Short descriptive text snippets:

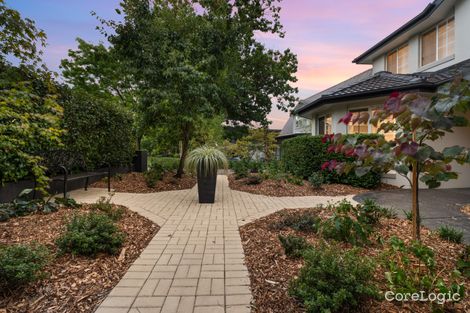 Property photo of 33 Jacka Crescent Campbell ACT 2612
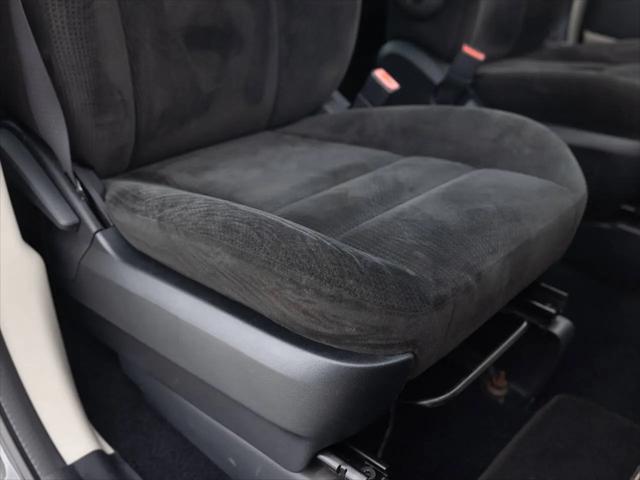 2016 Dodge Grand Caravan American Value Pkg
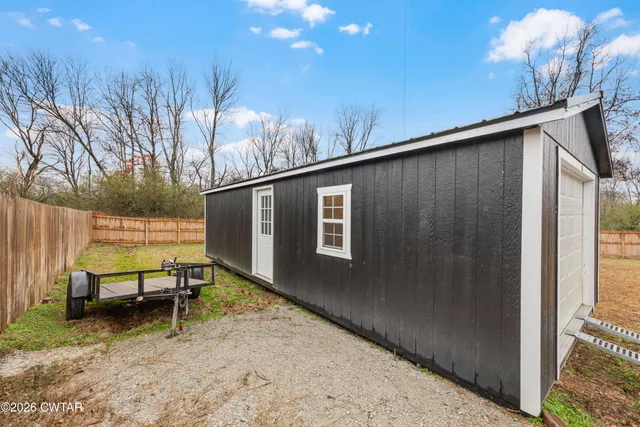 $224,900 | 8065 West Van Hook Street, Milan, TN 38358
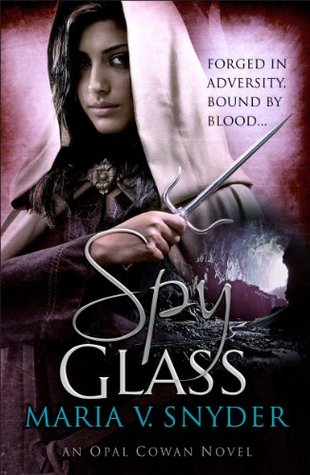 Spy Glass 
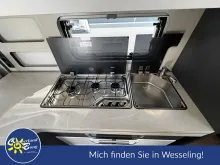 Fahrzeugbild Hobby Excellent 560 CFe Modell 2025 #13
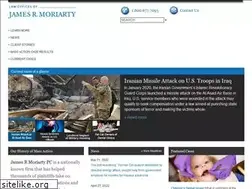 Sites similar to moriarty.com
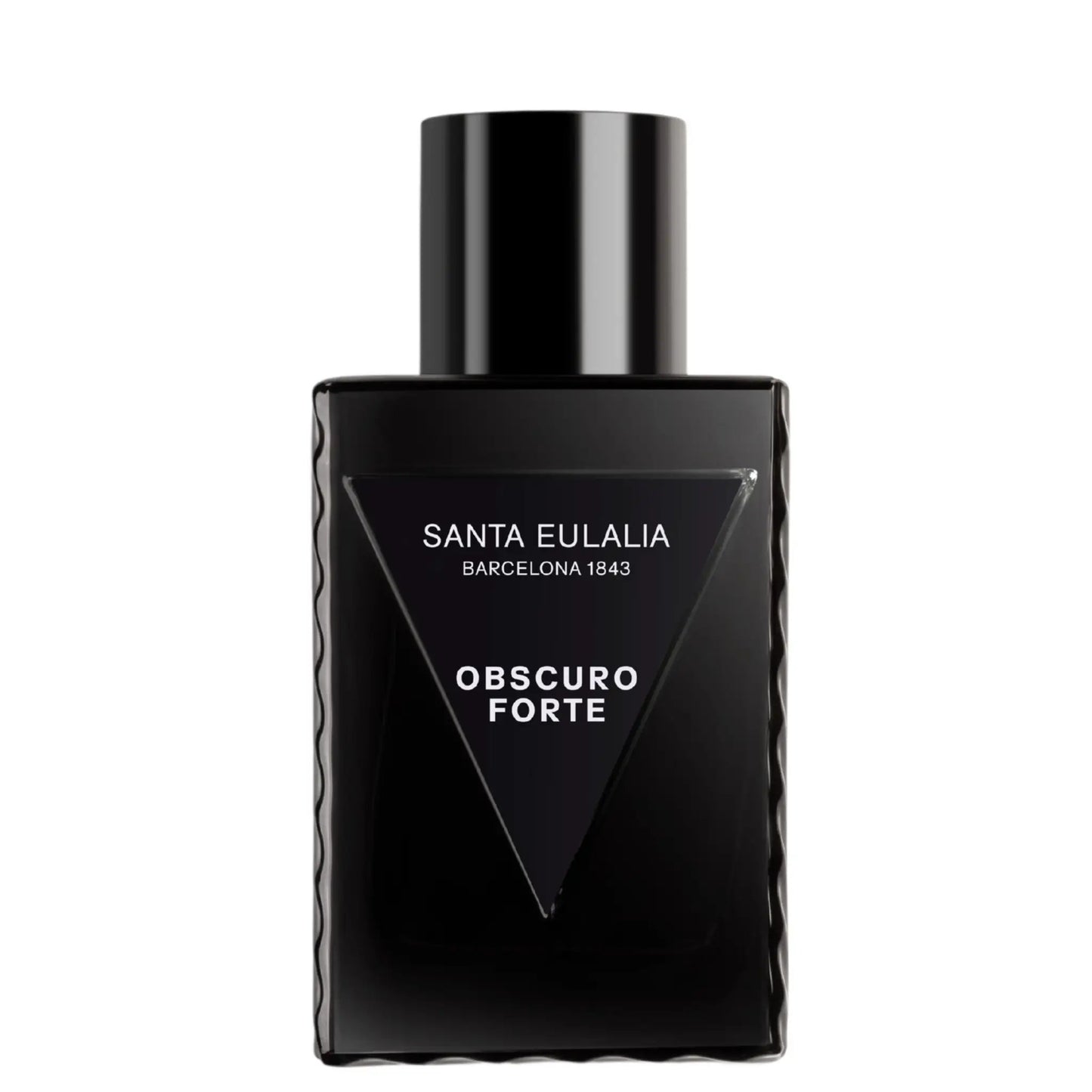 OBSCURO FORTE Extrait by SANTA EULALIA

# [Task details]
Starting at the line that contains "Fahrzeugbild Hobby Excellent", write out every line through the final line of the entries, word for word; skip any pictures.

# [Your response]
 Fahrzeugbild Hobby Excellent 560 CFe Modell 2025 #13
 Sites similar to moriarty.com
 OBSCURO FORTE Extrait by SANTA EULALIA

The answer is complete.